# Electrical Plugs



## Dale Eldridge (Jul 26, 2015)

Are the electrical plugs in the roomettes two prong or three prong?


----------



## J-1 3235 (Jul 26, 2015)

Three prong....


----------



## PVD (Jul 26, 2015)

Because the receptacle is a single, and in most cars is recessed slightly it is usually a good idea to carry a plug strip with a cord. I try and get one that is long enough so I can rest the strip between the tray table and the window, other folks have different thoughts. In todays world, with cell phones, tablets, e-readers, and laptops being commonplace, one receptacle rarely cuts it.


----------



## GG-1 (Jul 26, 2015)

Aloha I carry these http://www.herringtoncatalog.com/products/pass-thru-liberator-cords-set-of-5plus use them in all sorts of other uses beside the train.

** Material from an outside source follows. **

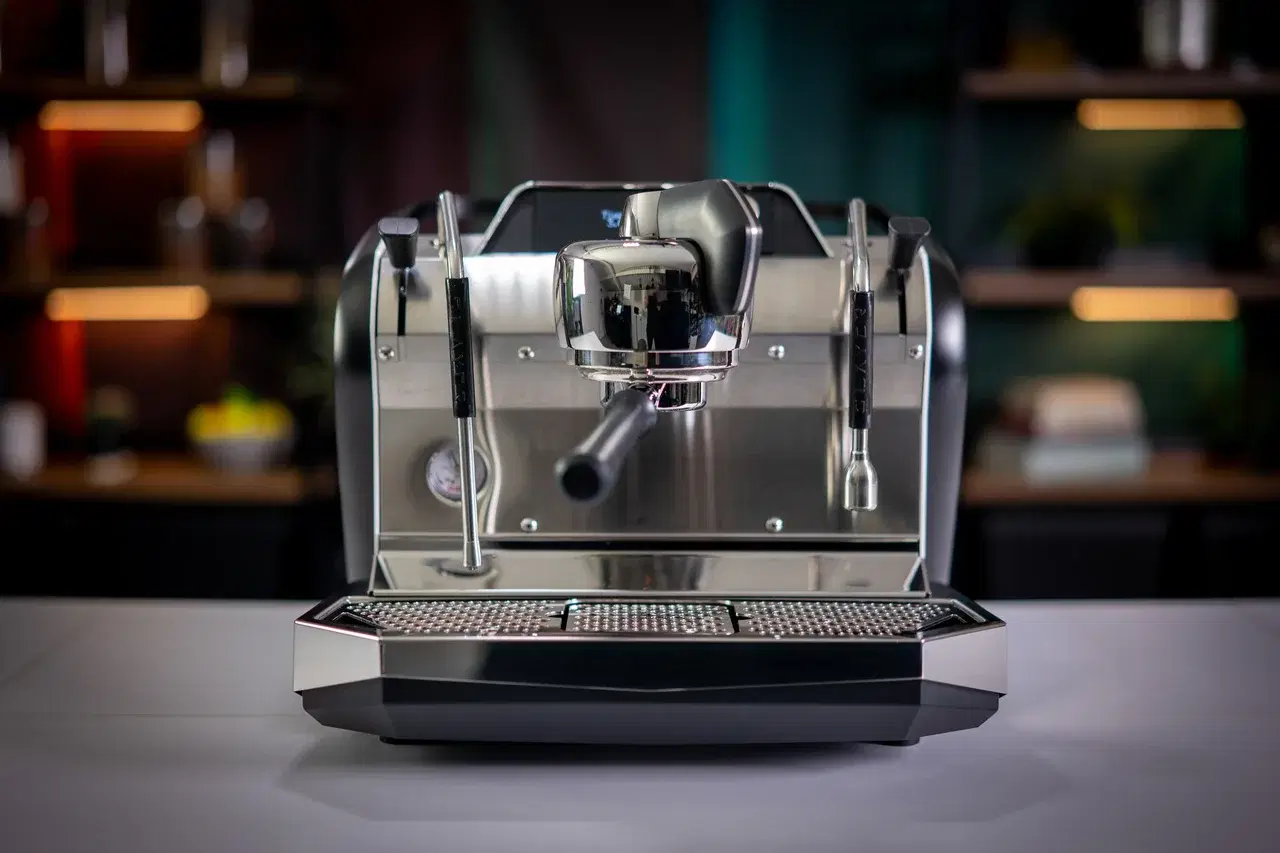 Slayer Steam Single single-group espresso machine on a café counter with dark background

btw: this was the first site in the list that carries them, there may be cheaper places.

Aloha


----------



## BCL (Jul 26, 2015)

If you can deal with lower current, a laptop plus the USB ports on the laptop can charge a bunch of devices, since the large majority of devices come with USB cords.


----------



## TinCan782 (Jul 26, 2015)

GG-1 said:


> Aloha I carry these http://www.herringtoncatalog.com/products/pass-thru-liberator-cords-set-of-5plus use them in all sorts of other uses beside the train.
> 
> btw: this was the first site in the list that carries them, there may be cheaper places.
> 
> Aloha


I could see even one of those being useful to allow multiple use of an outlet.


----------



## acelafan (Jul 26, 2015)

I usually carry a 3-outlet tap (with wide spacing between the outlets, Dollar General usually has them), a regular extension cord that has 3 outlets on the receptacle end, and a 3-prong adapter. I usually end up using a combination of such things at some point during my trip, in the roomette, coach, or station waiting area. Sometimes it's to share an outlet another person has completely occupied with their charger.


----------



## Lonestar648 (Aug 21, 2015)

I always use a surge protector incase there are any spikes powering up/down during thee trip. My surge protector strip has extra space on the last two plug ins to accommodate the larger transformers. I put mine under the window or on the arm rest pushed back against the wall. Note: since the one outlet is slightly recessed, 90 degree plugs do not seat well.


----------



## jimsinsky (Aug 31, 2015)

Being recessed, many transformers don't fit. Also, I found duct tape is handy because many plugs are very loose and plug doesn't stay in.


----------



## GG-1 (Aug 31, 2015)

jimsinsky said:


> Being recessed, many transformers don't fit. Also, I found duct tape is handy because many plugs are very loose and plug doesn't stay in.


Aloha

If the plug is loose in the socket there is a danger of heating that if severe enough can caus a fire.


----------



## iggy (Sep 6, 2015)

Fire mentioned - but every time I see these threads - no one seems to be concerned about overloading outlet with to may devices - which in itself could lead to a fire. I've yet to see a need for duct tape to be used to keep something plugged in properly.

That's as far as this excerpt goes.